Niedersachsens Sozial- und Gleichstellungsministerin Cornelia Rundt begrüßt die „Öffnung der Ehe für Homosexuelle“

Niedersachsens Sozial- und Gleichstellungsministerin Cornelia Rundt begrüßt die „Öffnung der Ehe für Homosexuelle“

Auf ein­mal ist sie zum Greifen nahe, die Ehe für alle und jetzt soll sie auch kom­men und zwar mög­lichst schnell!

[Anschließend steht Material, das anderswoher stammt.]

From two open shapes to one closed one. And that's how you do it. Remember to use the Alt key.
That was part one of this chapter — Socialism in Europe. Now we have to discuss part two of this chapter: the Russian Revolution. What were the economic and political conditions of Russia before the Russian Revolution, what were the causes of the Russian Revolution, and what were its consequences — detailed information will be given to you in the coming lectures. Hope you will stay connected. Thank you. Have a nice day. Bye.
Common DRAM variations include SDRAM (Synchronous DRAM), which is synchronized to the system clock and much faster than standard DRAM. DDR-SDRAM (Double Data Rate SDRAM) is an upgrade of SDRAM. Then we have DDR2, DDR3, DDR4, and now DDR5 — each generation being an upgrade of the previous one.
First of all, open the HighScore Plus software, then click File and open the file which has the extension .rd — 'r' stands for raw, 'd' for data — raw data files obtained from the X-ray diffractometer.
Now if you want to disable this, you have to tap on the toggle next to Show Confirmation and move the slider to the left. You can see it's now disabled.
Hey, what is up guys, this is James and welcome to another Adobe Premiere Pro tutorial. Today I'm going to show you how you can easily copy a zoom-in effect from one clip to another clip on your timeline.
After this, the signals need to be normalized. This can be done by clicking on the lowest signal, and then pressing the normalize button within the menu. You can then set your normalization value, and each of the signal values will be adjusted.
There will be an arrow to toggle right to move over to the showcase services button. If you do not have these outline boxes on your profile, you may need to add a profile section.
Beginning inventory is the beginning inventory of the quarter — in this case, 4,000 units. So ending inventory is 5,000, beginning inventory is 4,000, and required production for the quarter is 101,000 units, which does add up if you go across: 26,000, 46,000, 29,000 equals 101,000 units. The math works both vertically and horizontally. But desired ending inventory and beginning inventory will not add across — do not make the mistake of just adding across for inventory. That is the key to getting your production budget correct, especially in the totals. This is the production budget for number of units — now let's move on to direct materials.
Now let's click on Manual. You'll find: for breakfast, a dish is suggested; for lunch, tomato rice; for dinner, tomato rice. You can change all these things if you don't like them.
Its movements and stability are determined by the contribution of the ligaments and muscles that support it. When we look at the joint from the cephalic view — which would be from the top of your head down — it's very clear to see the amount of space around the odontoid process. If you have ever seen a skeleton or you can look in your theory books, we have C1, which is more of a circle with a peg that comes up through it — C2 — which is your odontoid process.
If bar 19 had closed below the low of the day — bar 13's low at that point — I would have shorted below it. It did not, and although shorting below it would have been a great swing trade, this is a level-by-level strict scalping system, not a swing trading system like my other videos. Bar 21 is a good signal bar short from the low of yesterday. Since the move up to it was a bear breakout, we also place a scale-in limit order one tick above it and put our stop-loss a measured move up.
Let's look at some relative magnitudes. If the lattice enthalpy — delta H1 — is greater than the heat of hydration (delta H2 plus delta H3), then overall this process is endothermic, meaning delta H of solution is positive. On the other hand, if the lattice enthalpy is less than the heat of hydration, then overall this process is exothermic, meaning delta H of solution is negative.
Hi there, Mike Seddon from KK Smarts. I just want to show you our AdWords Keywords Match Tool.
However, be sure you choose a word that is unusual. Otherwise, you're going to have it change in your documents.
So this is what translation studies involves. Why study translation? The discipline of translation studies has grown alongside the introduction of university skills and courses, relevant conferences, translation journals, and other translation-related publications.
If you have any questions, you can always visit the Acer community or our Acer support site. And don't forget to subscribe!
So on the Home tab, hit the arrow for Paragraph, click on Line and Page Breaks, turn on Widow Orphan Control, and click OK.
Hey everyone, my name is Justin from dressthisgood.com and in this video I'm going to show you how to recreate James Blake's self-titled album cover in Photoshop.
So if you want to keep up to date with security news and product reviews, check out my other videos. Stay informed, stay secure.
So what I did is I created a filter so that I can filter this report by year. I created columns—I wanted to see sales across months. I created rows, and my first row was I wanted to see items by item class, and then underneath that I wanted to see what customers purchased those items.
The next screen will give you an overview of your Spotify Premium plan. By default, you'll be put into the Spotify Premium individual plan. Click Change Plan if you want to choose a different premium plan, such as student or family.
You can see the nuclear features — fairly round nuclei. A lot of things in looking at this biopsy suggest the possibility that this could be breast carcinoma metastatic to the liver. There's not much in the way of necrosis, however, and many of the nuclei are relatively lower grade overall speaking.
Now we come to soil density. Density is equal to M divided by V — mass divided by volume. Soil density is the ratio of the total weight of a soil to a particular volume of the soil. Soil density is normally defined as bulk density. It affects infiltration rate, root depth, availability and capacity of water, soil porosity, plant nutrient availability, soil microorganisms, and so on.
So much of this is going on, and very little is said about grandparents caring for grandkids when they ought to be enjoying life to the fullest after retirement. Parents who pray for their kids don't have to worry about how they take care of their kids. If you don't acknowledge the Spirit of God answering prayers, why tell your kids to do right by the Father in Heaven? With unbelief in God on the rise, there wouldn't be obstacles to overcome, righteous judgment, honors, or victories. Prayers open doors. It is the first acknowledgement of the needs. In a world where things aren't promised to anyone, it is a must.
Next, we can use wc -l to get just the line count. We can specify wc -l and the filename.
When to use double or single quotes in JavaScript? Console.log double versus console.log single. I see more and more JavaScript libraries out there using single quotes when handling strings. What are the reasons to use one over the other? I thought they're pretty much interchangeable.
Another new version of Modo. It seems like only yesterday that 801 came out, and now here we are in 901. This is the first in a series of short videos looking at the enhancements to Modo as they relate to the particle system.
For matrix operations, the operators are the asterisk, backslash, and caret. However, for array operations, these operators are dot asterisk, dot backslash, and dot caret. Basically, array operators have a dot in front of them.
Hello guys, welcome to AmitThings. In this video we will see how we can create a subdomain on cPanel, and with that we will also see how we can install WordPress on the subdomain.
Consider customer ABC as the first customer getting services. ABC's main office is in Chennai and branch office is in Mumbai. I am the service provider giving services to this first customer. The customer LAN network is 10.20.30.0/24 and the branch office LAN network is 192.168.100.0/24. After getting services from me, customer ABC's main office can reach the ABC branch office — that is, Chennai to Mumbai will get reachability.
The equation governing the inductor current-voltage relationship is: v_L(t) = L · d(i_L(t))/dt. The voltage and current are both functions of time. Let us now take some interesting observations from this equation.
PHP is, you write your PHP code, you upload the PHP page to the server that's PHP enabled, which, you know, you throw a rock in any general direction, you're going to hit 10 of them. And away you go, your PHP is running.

Wenn – wie zu erwar­ten – am Freitag der Bundestag den auch von Niedersachsen im September 2015 mit­ein­ge­brach­ten Gesetzentwurf des Bundesrates für die Gleichstellung von Ehen Homosexueller beschließt, könn­te das Vorhaben am 7. Juli 2017, also am Freitag nächs­ter Woche im zwei­ten Durchgang im Bundesrat beschlos­sen wer­den und in Kraft tre­ten

Ich freue mich sehr dar­über, dass die­sem wich­ti­gen Anliegen des Landes, das ich stell­ver­tre­tend für die Landesregierung immer wie­der vor­an­ge­trie­ben habe, end­lich Rechnung getra­gen wird. Endlich fol­gen dem Gleichheitsgrundsatz Taten. Deutschland wäre damit der 15. euro­päi­sche Staat, der die Ehe für gleich­ge­schlecht­li­che Paare öff­net. Die staat­li­che Diskriminierung hät­te damit ein Ende.

Die Niedersächsische Landesregierung setzt sich für eine Fristverkürzung ein, die eine zeit­na­he erneu­te Bundesratsbefassung ermög­li­chen wür­de. Durch eine Änderung von
§ 1353 des Bürgerlichen Gesetzbuchs muss end­lich gere­gelt wer­den, dass auch gleich­ge­schlecht­li­che Personen eine Ehe ein­ge­hen und dann auch Kinder adop­tie­ren kön­nen.“

So lau­te­te die Pressemitteilung vom 28.06.17.